Fix: memray Not Working — Tracking Errors, Flamegraph Empty, and Native Allocations

FixDevs ·

Quick Answer

How to fix memray errors — memray run command not found, flamegraph shows no data, native allocations not tracked, live mode TUI broken, attach to running process fails, and pytest integration.

The Error

You install memray and run a script — get a binary file but can’t read it:

$ pip install memray
$ memray run my_script.py
# Output: memray-my_script.py.12345.bin
$ cat memray-my_script.py.12345.bin
# Binary garbage — how do I read this?

Or the generated flamegraph is empty:

$ memray flamegraph memray-my_script.py.12345.bin
# Opens HTML — but the flamegraph is just one tiny block at the top

Or native allocations from C extensions aren’t tracked:

import numpy as np
arr = np.zeros(1_000_000_000)   # Allocates ~8 GB
# memray report shows ~0 MB used — native alloc not tracked

Or live mode TUI doesn’t work in your terminal:

$ memray run --live my_script.py
# Terminal goes blank, no display, or weird characters

Or attaching to a running process fails:

$ memray attach 12345
# Error: cannot attach — ptrace permissions

memray is the heavyweight Python memory profiler — written by Bloomberg, tracks every allocation (Python and native), supports live monitoring of running processes, and generates flamegraphs. The Bloomberg engineering quality shows: the tooling is excellent. But the default workflow has a “track first, view later” pattern that confuses developers used to live profilers, and native allocation tracking requires explicit opt-in. This guide covers each.

Why This Happens

memray records allocations to a binary file during the program run. The file contains the call stacks and sizes for every alloc — converting it to a human-readable view (flamegraph, summary, tree) happens as a separate memray <command> step. New users expect a “run and see results” workflow like py-spy; memray’s “run, then analyze” model takes adjustment.
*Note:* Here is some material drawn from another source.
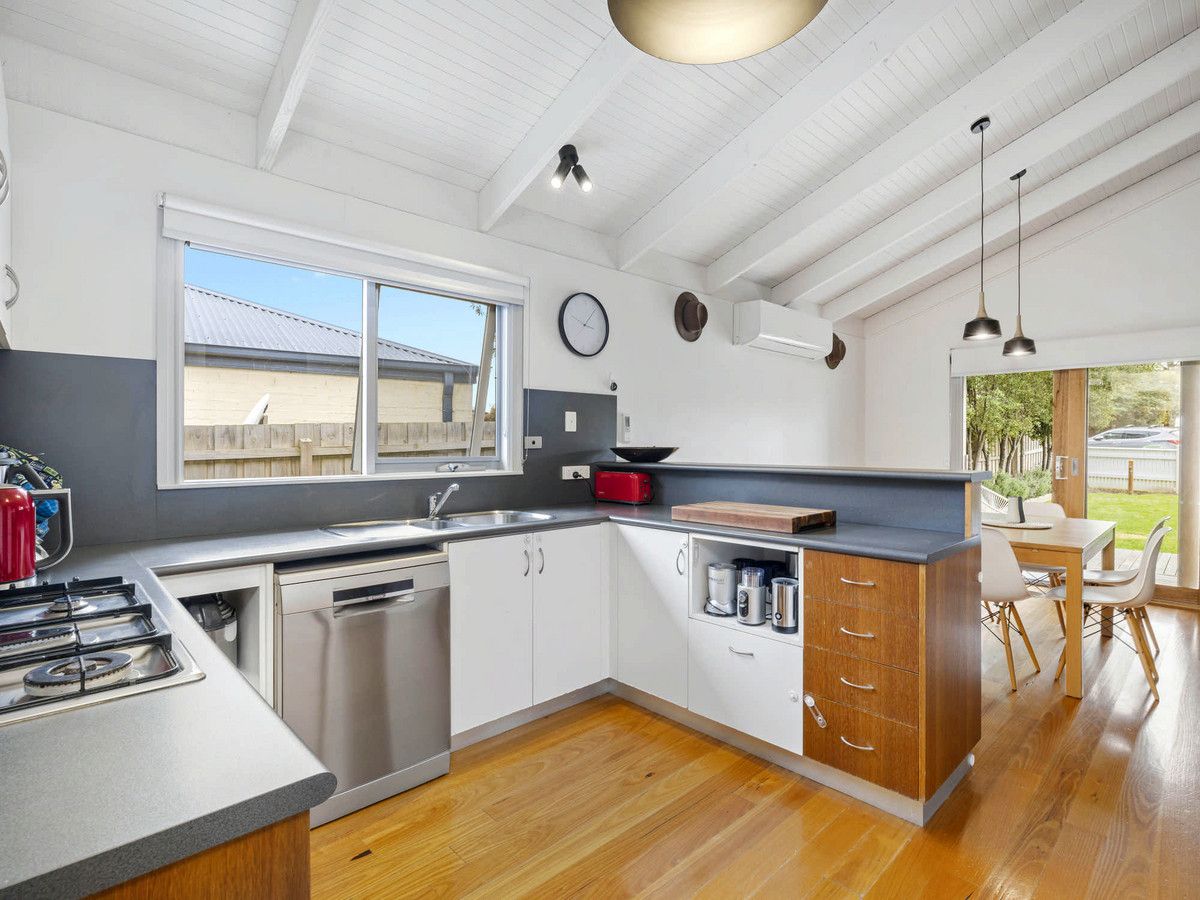 29 Halsey Street, Balnarring VIC 3926, Image 1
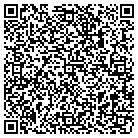 QR code with Orlando Enterprise LLC contacts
Native allocations (C/Rust extensions like NumPy, PyTorch) bypass Python’s tracemalloc and aren’t tracked by default. memray can trace them via libc hooks, but you must enable --native explicitly.
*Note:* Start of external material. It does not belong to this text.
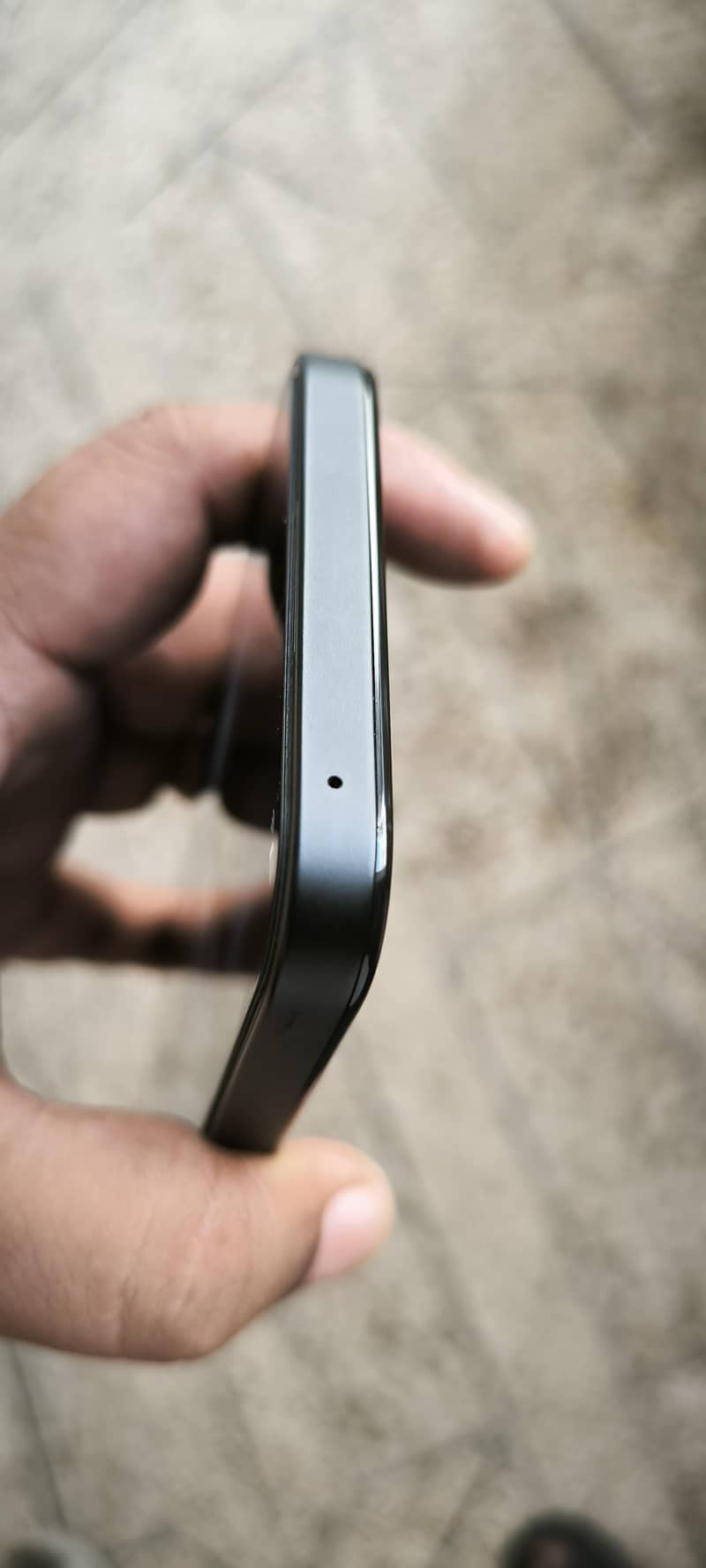 Nothing Phone 2a 6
Fix 1: Basic Recording and Viewing

# Record allocations
memray run my_script.py
# Generates: memray-my_script.py.<pid>.bin

# Quick summary
memray summary memray-my_script.py.12345.bin

# Flamegraph (HTML)
memray flamegraph memray-my_script.py.12345.bin
# Opens memray-flamegraph-my_script.py.12345.html

# Allocation tree
memray tree memray-my_script.py.12345.bin

# Stats
memray stats memray-my_script.py.12345.bin

The 3-step workflow:

  1. Run with memray run
  2. Open the .bin file with a viewer command
  3. Browse the report

Specify output file:

memray run -o my_profile.bin my_script.py
memray flamegraph my_profile.bin

Common Mistake: Looking for live output during memray run. The recording mode runs silently — no progress bar, no in-terminal stats, just generates the binary file. For live monitoring, use --live (covered below).
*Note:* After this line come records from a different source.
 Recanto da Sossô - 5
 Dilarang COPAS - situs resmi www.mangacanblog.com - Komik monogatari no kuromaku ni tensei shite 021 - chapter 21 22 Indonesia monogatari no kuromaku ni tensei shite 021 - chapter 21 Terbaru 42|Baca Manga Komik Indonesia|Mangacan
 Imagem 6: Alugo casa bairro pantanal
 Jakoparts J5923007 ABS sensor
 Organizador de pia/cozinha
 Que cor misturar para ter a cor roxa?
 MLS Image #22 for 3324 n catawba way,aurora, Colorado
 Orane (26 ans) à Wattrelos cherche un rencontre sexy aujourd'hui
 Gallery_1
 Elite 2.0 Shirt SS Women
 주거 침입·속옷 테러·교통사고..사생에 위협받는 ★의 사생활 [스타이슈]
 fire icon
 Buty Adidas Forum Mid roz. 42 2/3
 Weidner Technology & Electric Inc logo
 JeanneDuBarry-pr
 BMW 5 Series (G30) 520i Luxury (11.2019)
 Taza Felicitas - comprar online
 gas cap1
Profile a module/script with args:

memray run -m my_package.main --arg1 value1
memray run my_script.py arg1 arg2

Fix 2: Native Allocations

import numpy as np
import torch

arr = np.zeros(100_000_000)   # 800 MB native alloc
tensor = torch.zeros(50_000_000)   # 200 MB native alloc

Without --native, memray only sees Python’s allocator — these large native allocs are invisible.

Enable native tracking:

memray run --native my_script.py
memray flamegraph --native memray-my_script.py.12345.bin

Native tracking intercepts malloc/free via libc hooks. This catches:

  • NumPy / SciPy array allocations
  • PyTorch tensor allocations
  • pandas DataFrame internal buffers
  • Anything any C/Rust extension allocates via standard libc

Overhead — native tracking adds 2-5x slowdown vs Python-only profiling. Worth it when debugging C-extension memory; skip it for pure-Python profiling.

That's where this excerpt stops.